La cérémonie de clôture, ce soir, aura-t-elle corrigé le tir ? La seule présence, plus forte, d'artistes francophones permet de l'espérer, mais le malaise reste. L'utilisation de l'anglais n'a-t-elle pas, au cours de ces jeux, été expliquée par un souci d'efficacité ? La fierté d'être soi gobée par la pseudo-compréhension universelle... comme il y a 40 ans.
Mais de quelle fierté s'agit-il, pouvait-on aussi se demander en relisant Jean-Paul Desbiens, quand ce dernier pourfendait le joual. On ne refera pas ici le débat des Belles-Soeurs, celui des classes sociales et des niveaux de langue. On peut reconnaître la langue populaire, la mettre en scène, en jouer. Mais s'y complaire ? C'était ce reproche que le frère Untel faisait à sa société, et c'est ce qui n'a pas changé. Au contraire, le respect et la connaissance de l'armature de la langue vont déclinant, comme le constatent les professeurs d'expérience. Mais quelle importance, ce français massacré : «Mes chums, euzôtres, y m'comprennent !», pour reprendre l'anecdote racontée cette semaine par l'une de nos lectrices, enseignante.
Évidemment, le nouveau jargon utilisé par les jeunes pour clavarder accentue ce phénomène : on écrit au son, les mots sont ramenés à une lettre ou deux -- souvent sur la base de leur version anglaise --, la ponctuation n'existe plus, encore moins les phrases complètes. Et surtout, surtout, on ne se relit jamais !

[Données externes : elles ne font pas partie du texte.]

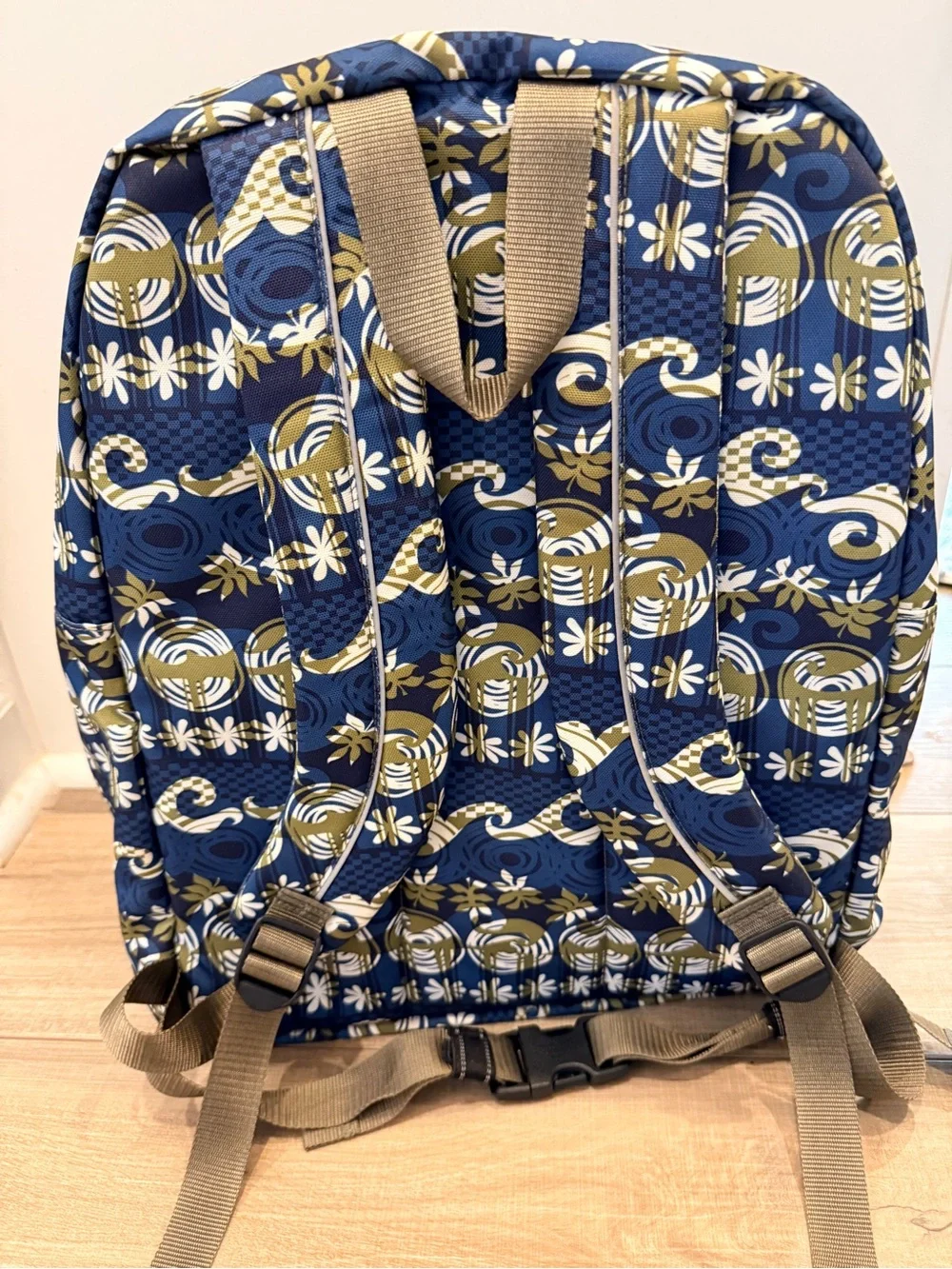 L.L. Bean Deluxe Book Pack Backpack Blue Hawaiian Wave Floral Print 0CWC7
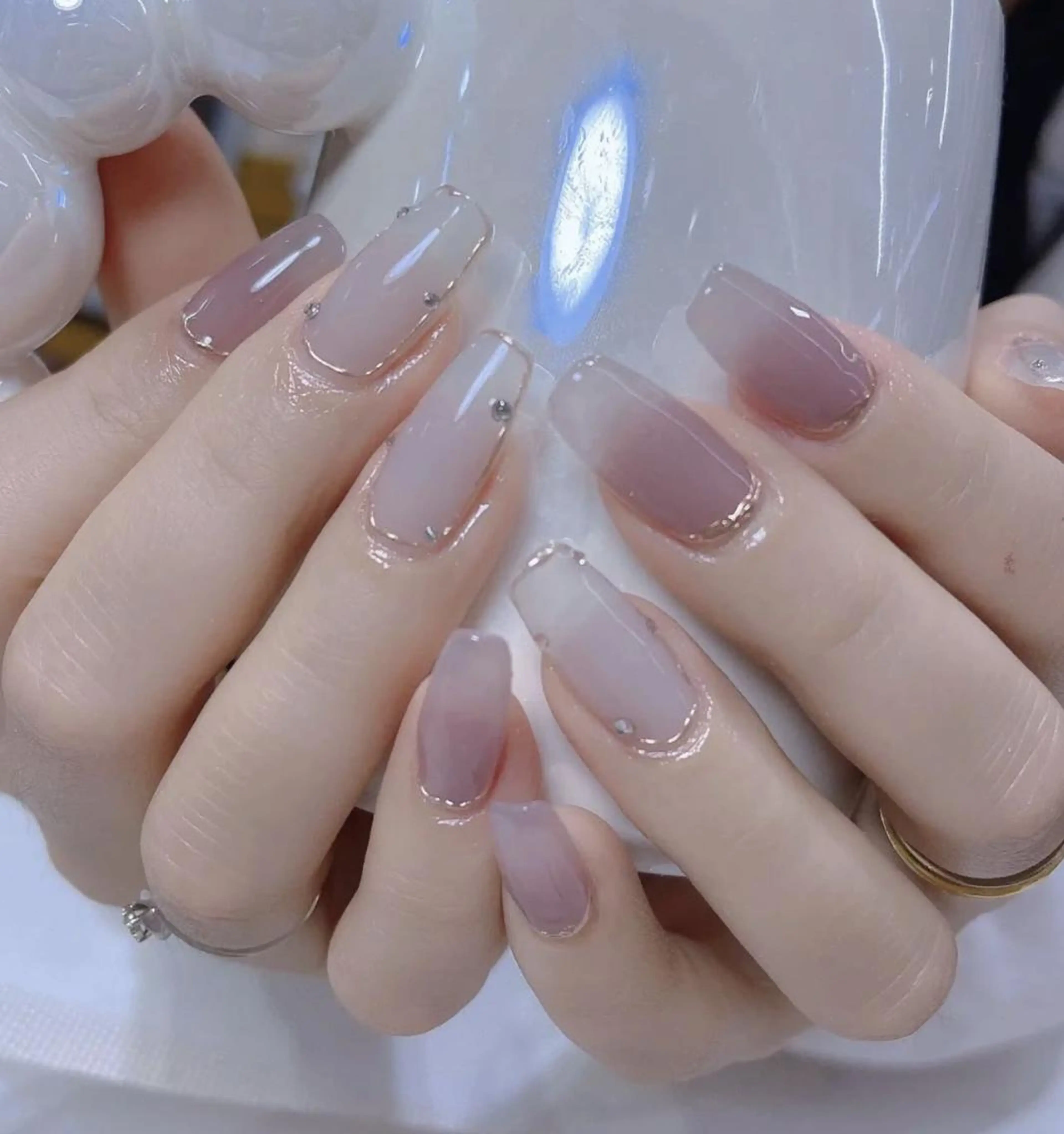 ネイル 長さ出し ネイルチップ Queens momoのネイルデザイン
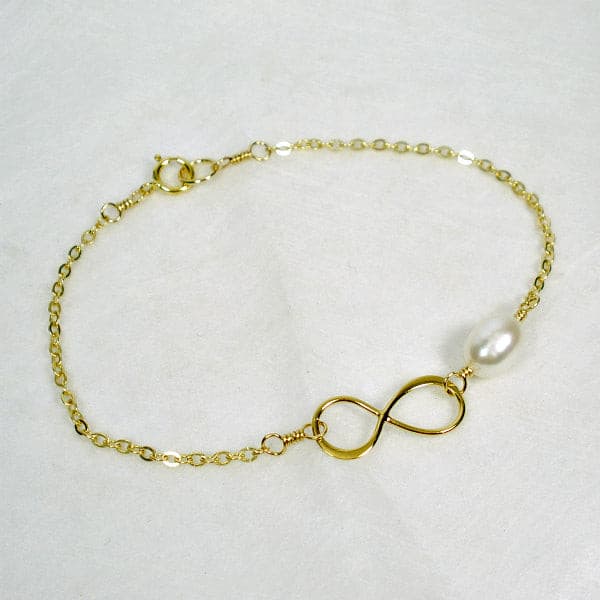 gold mom infinity pearl bracelet gift message jewelry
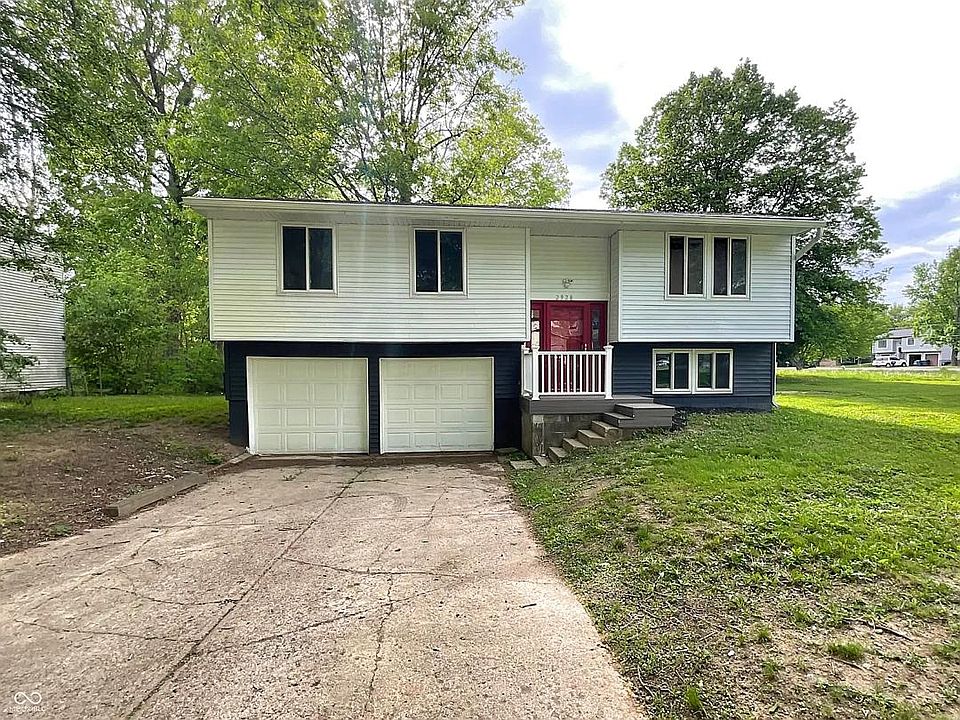 1st image of 2702 N Sheffield Dr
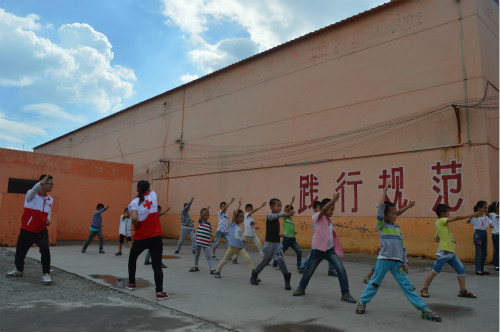 �x�ЌWԺ�tʮ��ů��־Ը����꠵�ɽ��ʡ�����н��ڿh��Ȫ�l(xi��ng)־Ը���������Ȫ�l(xi��ng)�ĺ��ӂ��_�O��ȭ���n�����g(sh��)�n�������w�|(zh��)�����M��������ȫ��l(f��)չ�� (2)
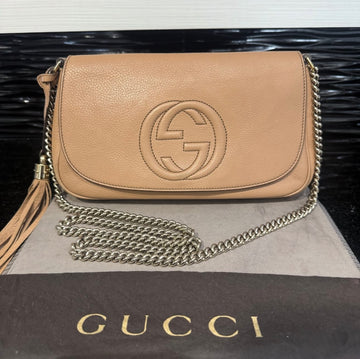 Pre-Owned Gucci Pebbled Calfskin Medium Soho Flap Crossbody in Camelia Tan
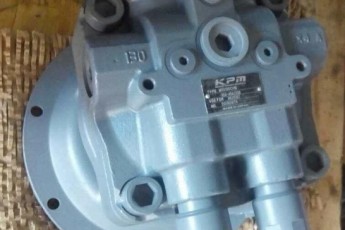 Гидромотор поворота 4423009 на hitachi zx450-3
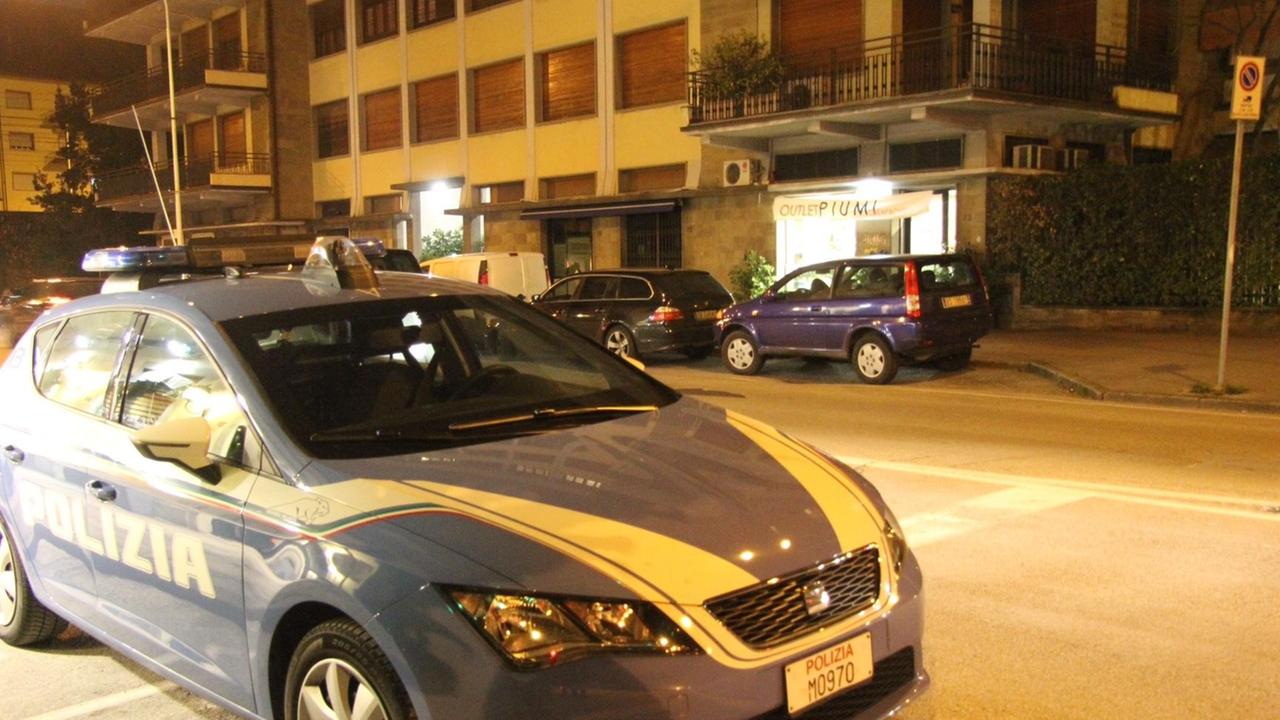 Una volante della polizia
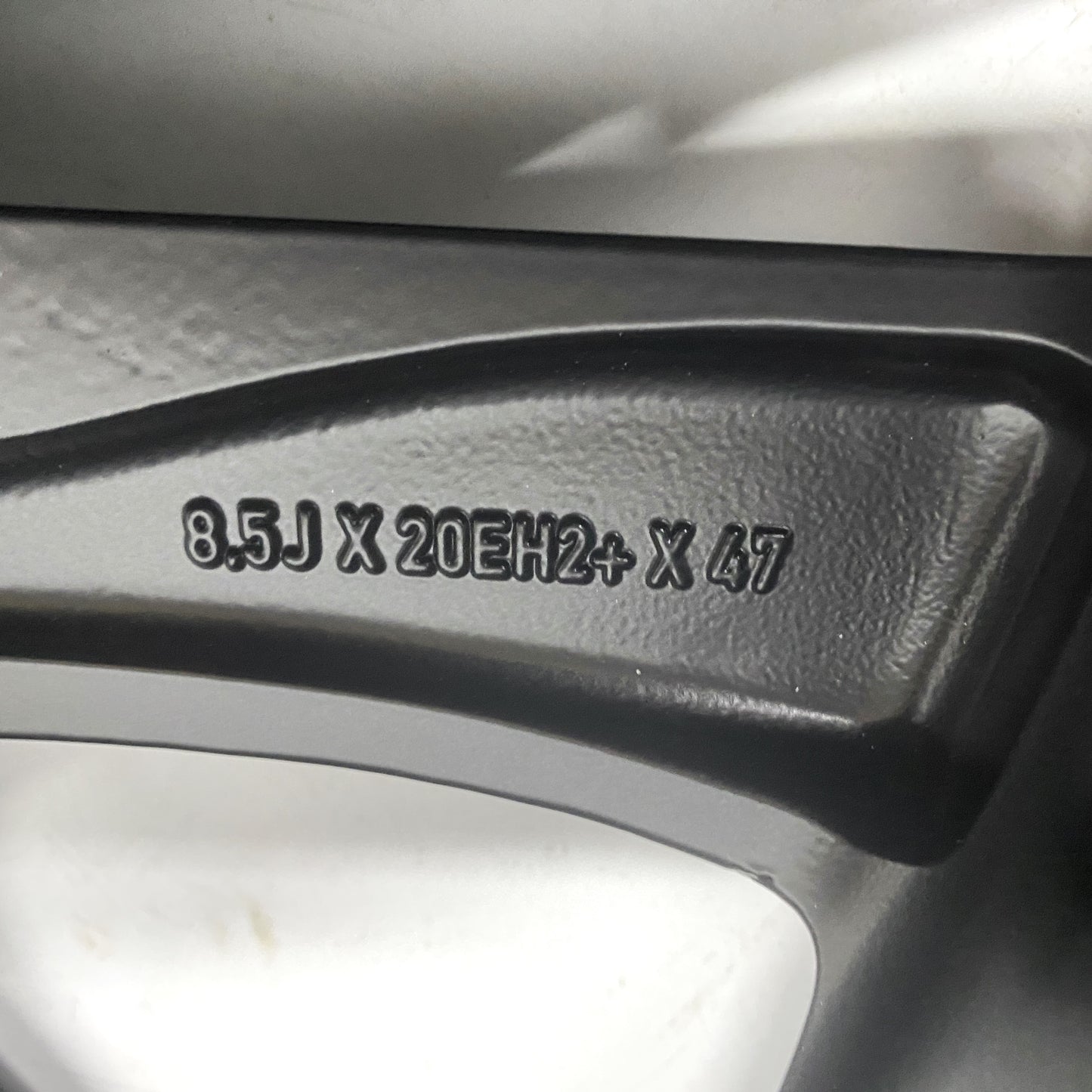 LR081586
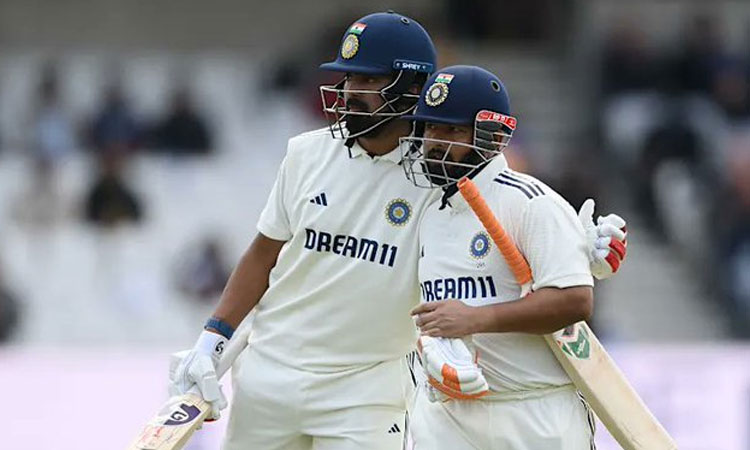 ஐ.சி.சி.டெஸ்ட் கிரிக்கெட் தரவரிசை: பேட்டிங்கில் இந்திய வீரர்கள் முன்னேற்றம்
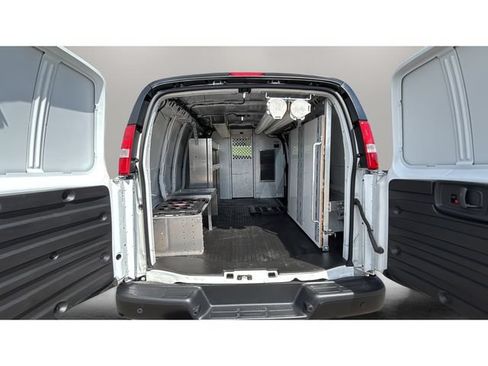 Used 2023 Chevrolet Express 2500 w/ Driver Convenience Package RWD image 32
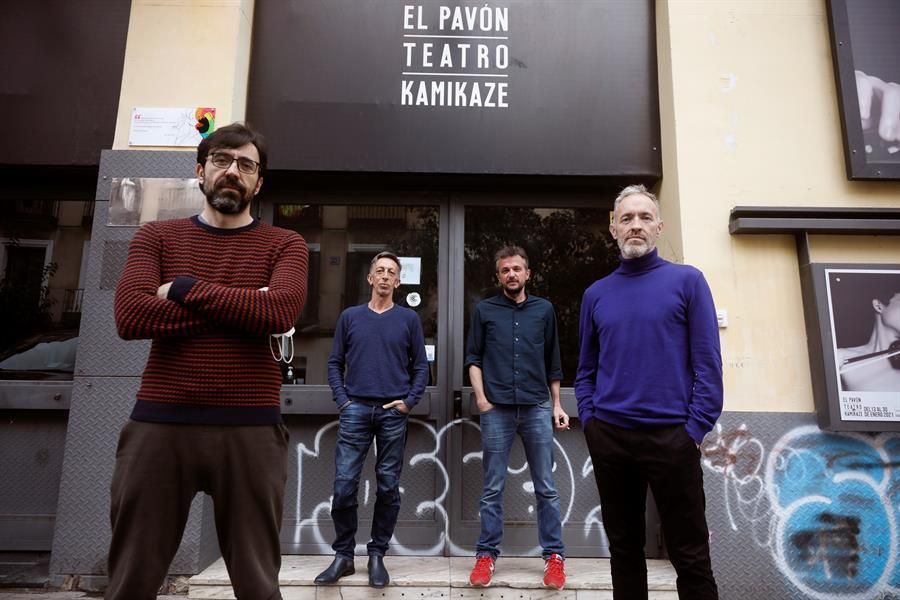 Los integrantes de la Compañía Kamikaze, antiguos directores del Teatro Pavón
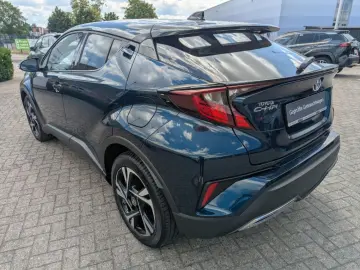 TOYOTA C-HR 2.0 Hybrid Team Edition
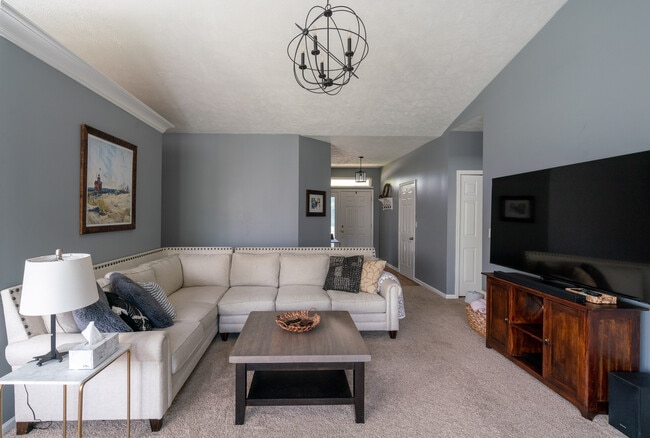 Living Room & Front Entry - 5686 Barcroft Dr SW
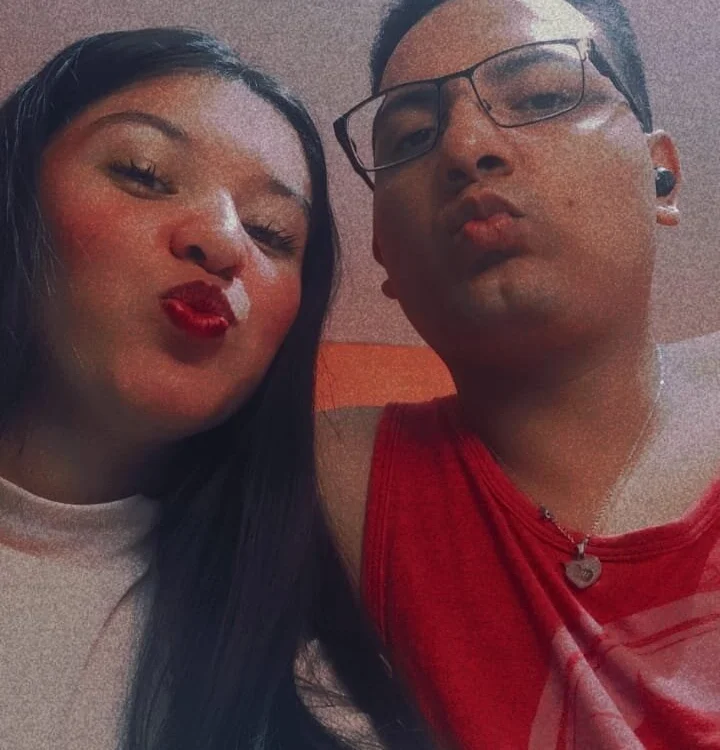 sebas_n_laura offline chatrum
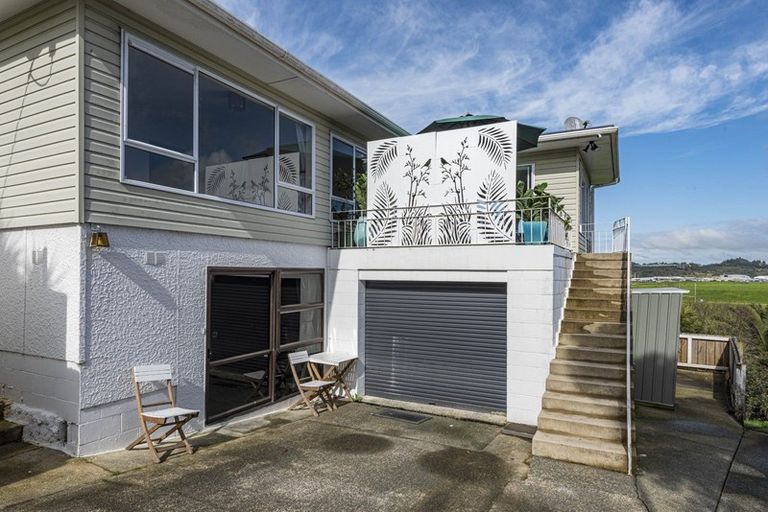 Photo of property in 10 Tanekaha Drive, Parahaki, Whangarei, 0112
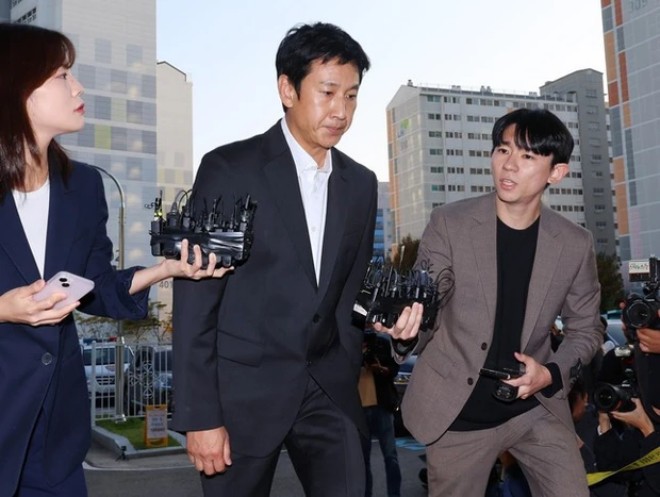 HODUamp;U Entertainment sẽ kiện truyền thông Hàn vì đưa tin sai sự thật về Lee Sun Kyun.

Ce qui est inquiétant, ce n'est pas cette nouvelle forme d'expression en soi, c'est qu'il s'agit de la seule forme d'écriture que les jeunes pratiquent en dehors de la sphère scolaire. Or ces écrits syncopés, tronqués, sont en complète rupture avec le dur et long apprentissage du français à l'école. Il ne reste plus dès lors à celle-ci qu'à s'ajuster, de peur de voir quasiment des classes entières échouer.
Et puis on cible l'école, alors que tout le monde a baissé les bras. La mairesse de Québec, Andrée Boucher, a de nouveau frappé les esprits cette semaine en disant souhaiter imposer des examens de français aux futurs policiers et fonctionnaires de sa ville. «Ce serait normal qu'on puisse me rédiger un message sans fautes !», a expliqué la mairesse, qui ciblait en particulier son service des... communications !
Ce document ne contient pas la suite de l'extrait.